Elevated system best deal for taxpayers

The question is not whether a street-level rail system works for Barcelona; it's whether such a system will work for Honolulu. On that score, the arguments for an at-grade train come up less than convincing.

Members of the Hawai'i chapter of the American Institute of Architects want the city to replace its proposed all-elevated rail system for one that runs at least partially at-grade in the urban Honolulu corridor. They argue that such a system is less expensive, easily expandable and more convenient for riders than an elevated one, assertions based on a single privately commissioned study. They also say that the changes could be made in about six months. Transit officials say no way — we'd start from square one and risk losing our place in line for precious federal funds.

Yet Gov. Linda Lingle, impressed by their ideas, sponsored an AIA forum to promote those ideas on Monday.

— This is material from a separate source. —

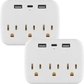 2 Pack Outlet W/USB&Type C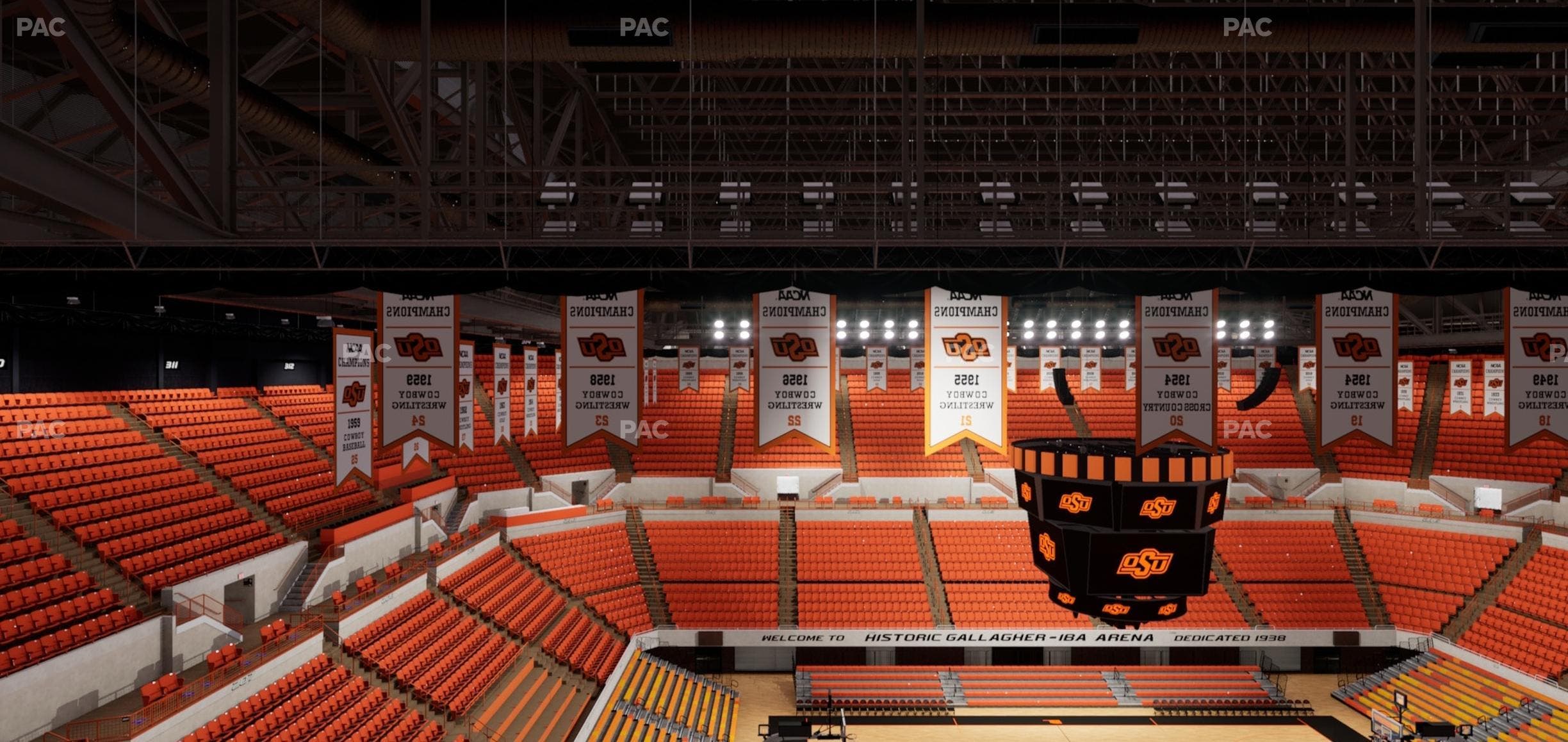 Gallagher-Iba Arena - Section 305 Seat View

But neither Lingle nor the AIA have adequately countered the city's serious and compelling objections to an at-grade system. Here's why:

• Less expensive and easily expandable? That's debatable. An oft-mentioned figure is $70 million per mile for Phoenix's at-grade system, as compared to Honolulu's estimated $270 million for the elevated system. But given Honolulu's limited space and generally higher construction costs, it's unlikely the gap would be nearly that wide. Additionally, the elevated-rail estimate includes a 30 to 35 percent contingency rolled into the total cost, so the per-mile costs are likely to be lower. The city's experts also point out that to install at-grade train tracks on Honolulu's busy thoroughfares would require digging trenches up to 14 feet wide and 2 to 4 feet deep for the entire length of the rail corridor. Underground utility lines and iwi would need to be carefully handled and relocated. It's reasonable to conclude that this will drive up costs beyond $70 million per mile and take far longer than the AIA predicts.

An elevated system using 8-foot-wide pillars set 120 feet apart has a smaller footprint and more flexible installation, avoiding many of these problems.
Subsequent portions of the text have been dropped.